The Charlety stadium in Southern Paris was litterally overflowing with Segolene supporters when I arrived for her last big public meeting. People were scaling the fences and vaulting into the grounds while nervous security personel looked on helpless. Fearing a crush, the organisers appealed to the prefecture and closed the gates, prompting an outcry and a lot of pushing and shoving. It took me over an hour to get past the security at the press entrance, where journalists were being allowed in one by one.
‘I hope she runs her country better than this,’ remarked one colleague. He was one of the polite ones.
Inside, Socialists blamed foul play by the interior ministry for deliberate lack of crowd control.
Around 40,000 supporters madde it into the stadium, leaving 20,000 outside. Segolene won then, beating the measly 20,000 UMP supporters who showed up on Sunday to cheer on Sarkozy at his final meeting in the Bercy concert hall. Had they turned up for a free concert with rock stars Yannick Noah, Benabar, Indochine, and Les Tetes Raides?
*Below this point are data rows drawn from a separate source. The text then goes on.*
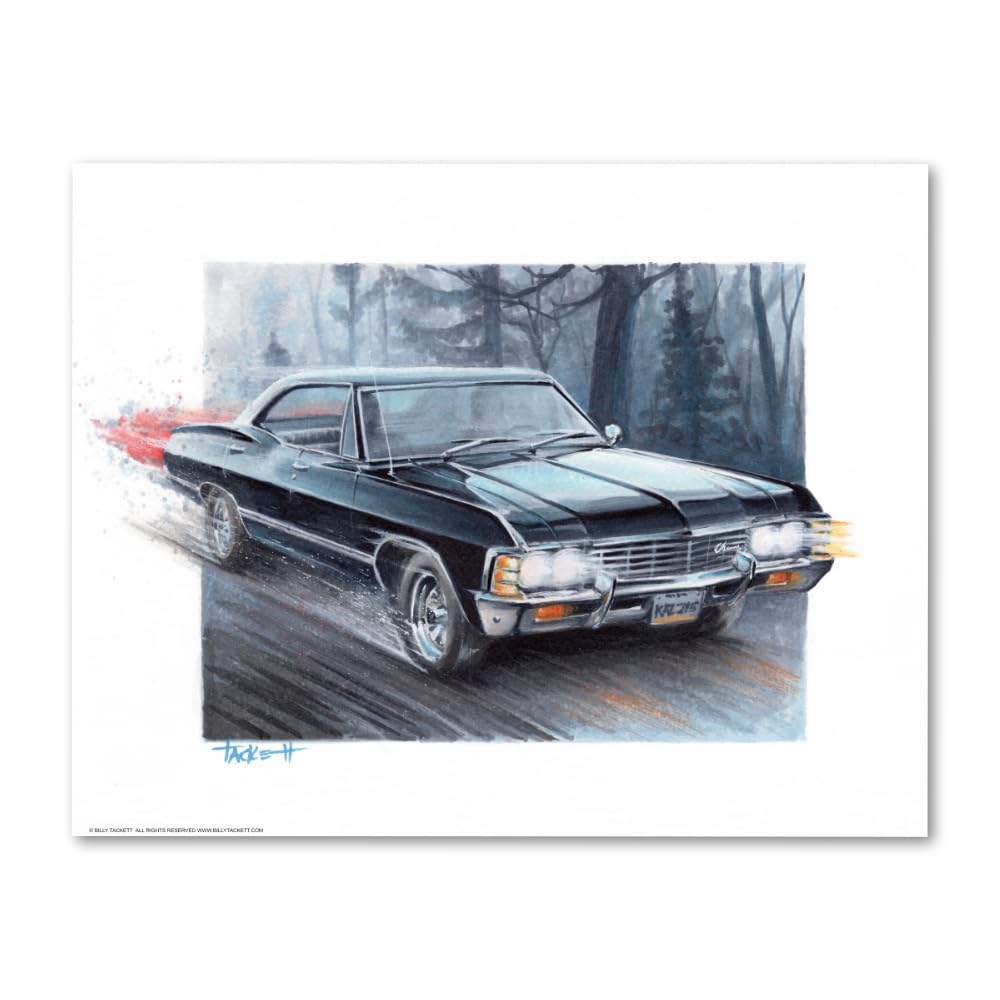 Amazon.com: SUPERNATURAL Signed Art Print | 11x14 | Retro Pop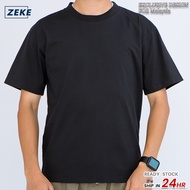 ZEKE Over size Unisex Adult T-Shirt Combed Cotton 220GM/㎡ Round Neck Plain T-Shirt
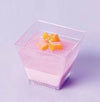 GD6045 70ml Clear Square  Plastic Dessert Cups 50pcs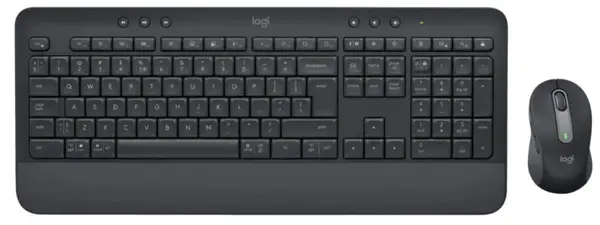 Kit de tastatură și mouse Logitech Signature MK650 Wireless Graphite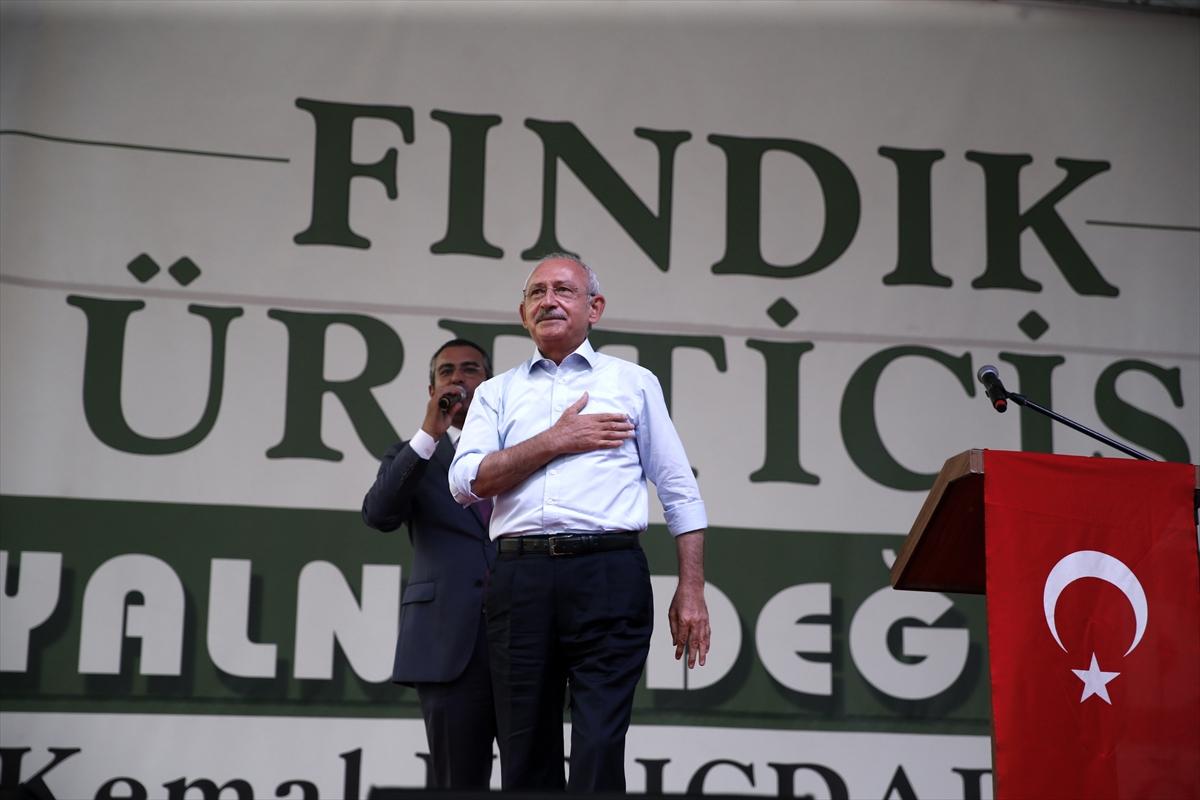Kılıçdaroğlu Fındık İçin Adalet mitinginde konuştu
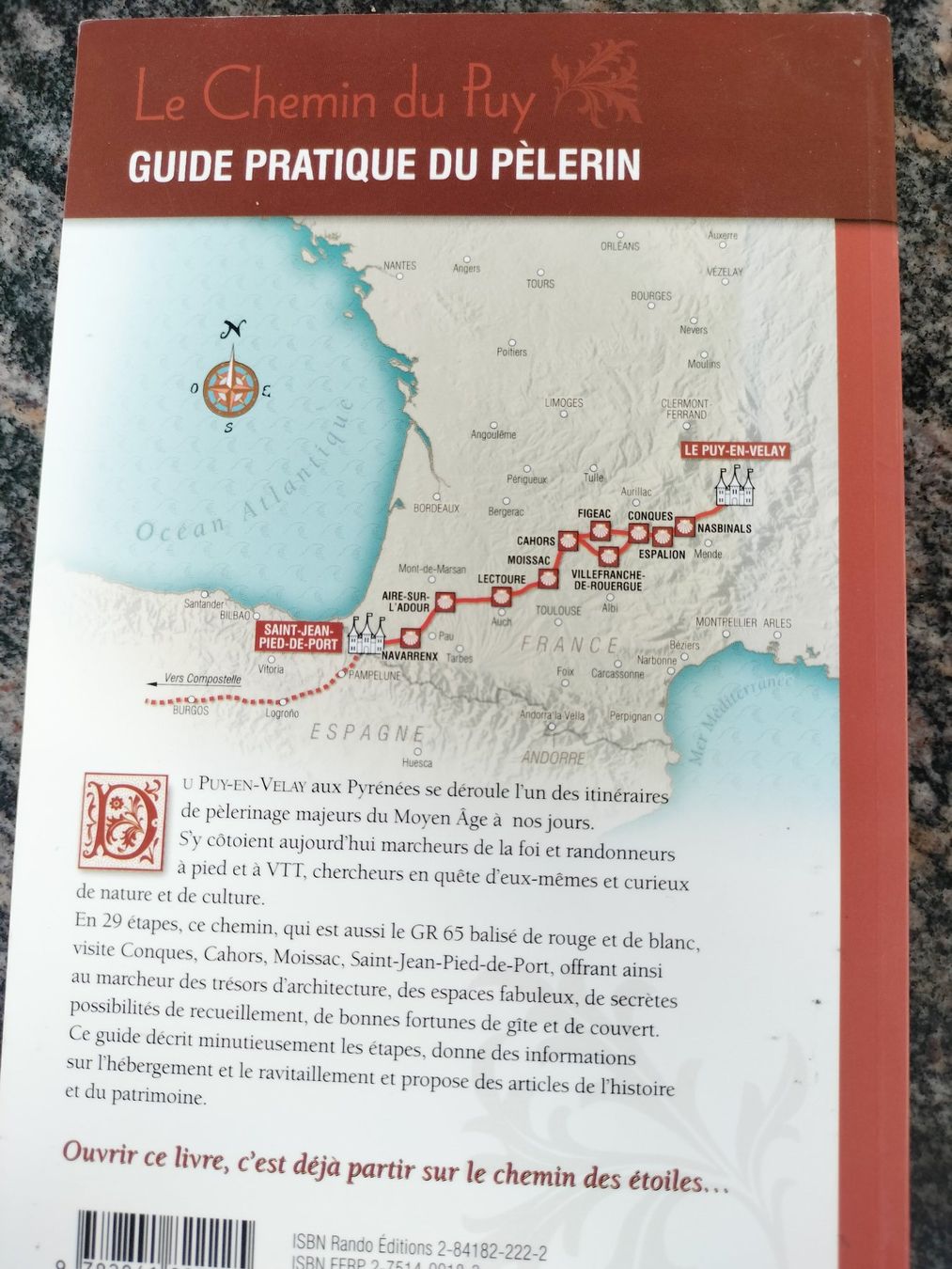 Libri: Le Chemin du Puy vers Saint Jacques de Compostelle – Nuovo (secondo la descrizione) da Cortaillod venduto da rozinna 1
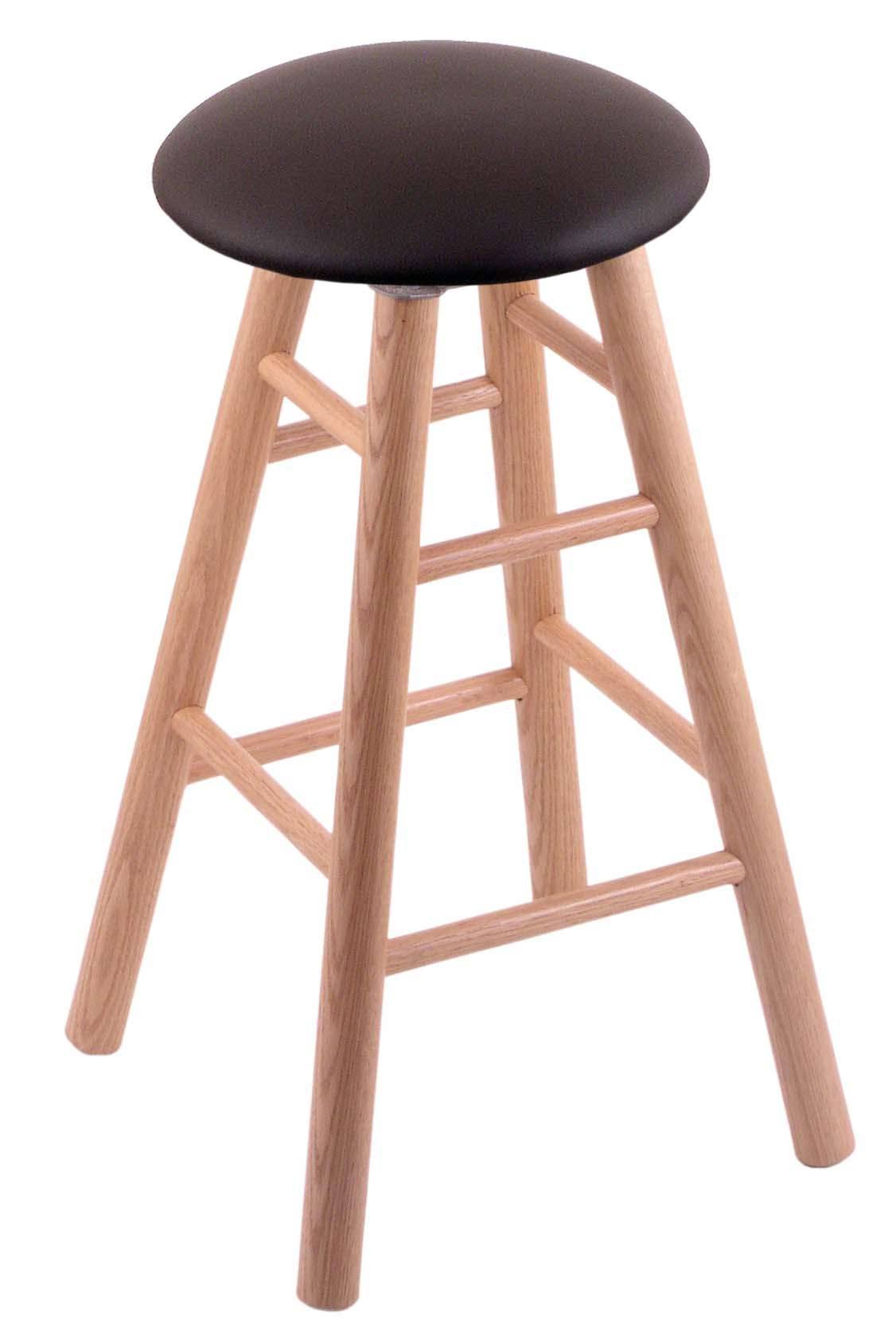 Oak Bar Stool with Espresso Seat R8416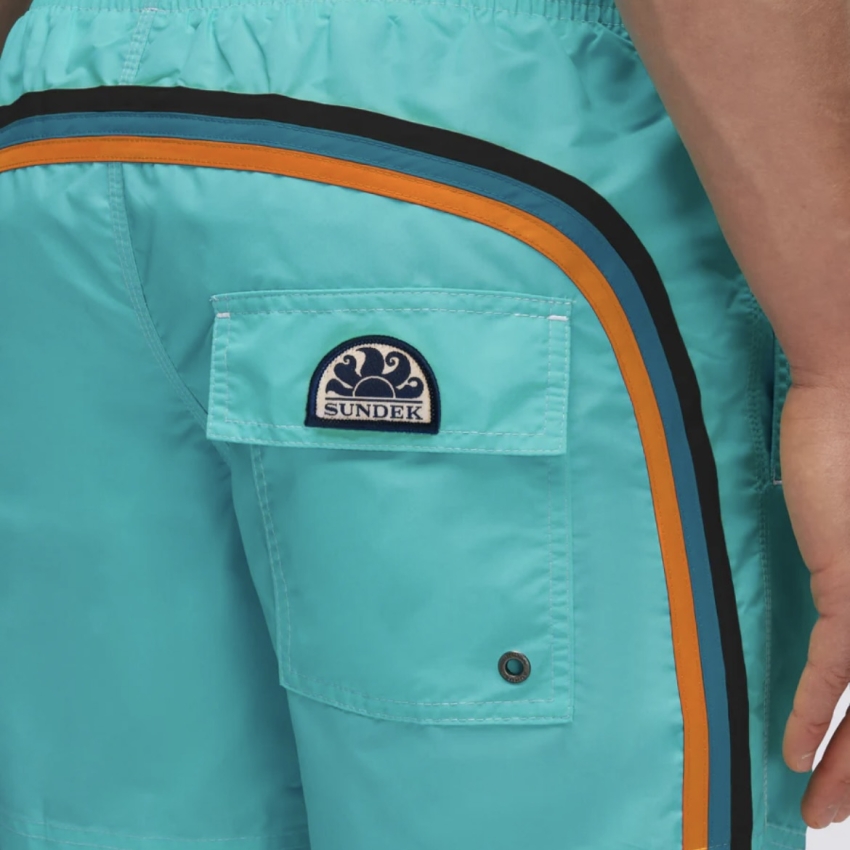 BAÑADOR SUNDEK TURQUESA BLACKCAPE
You might have thought so when Segolene arrived in her trademark white suit, twinned with an orange t-shirt (trying to reach out to Bayrou supporters?). She had hardly begun her speech, when she was drowned out by ‘Segolene, president’ and ‘we are going to win.’ But like so often, she appeared unable to harness and channel this energy. Instead of urging the holidaymakers to enjoy the concert, she started to talk politics, prompting a small exodus. People, many of whom were rally virgins, may have got bored. They might also have got fed up with the mediocre sound system which made it almost impossible to make out what she was saying most of the time.
‘The Socialists always try to do things on the cheap and it shows,’ said one colleague.
Segolene was best when she picked up on the whiff of the ’68 that Sarkozy tried to crush last week.
In his speech at Bercy he claimed ‘everything is the fault of May 68,’ Segolene said. ‘He got stung by which fly? Because May 68, it was 40 years ago!’ She accused him of wanting to create a 68-style revolt, giving him the excuse to crush it. She told the crowd, where several rainbow flags were flying, that she stands for peace. And flashed her radiant smile.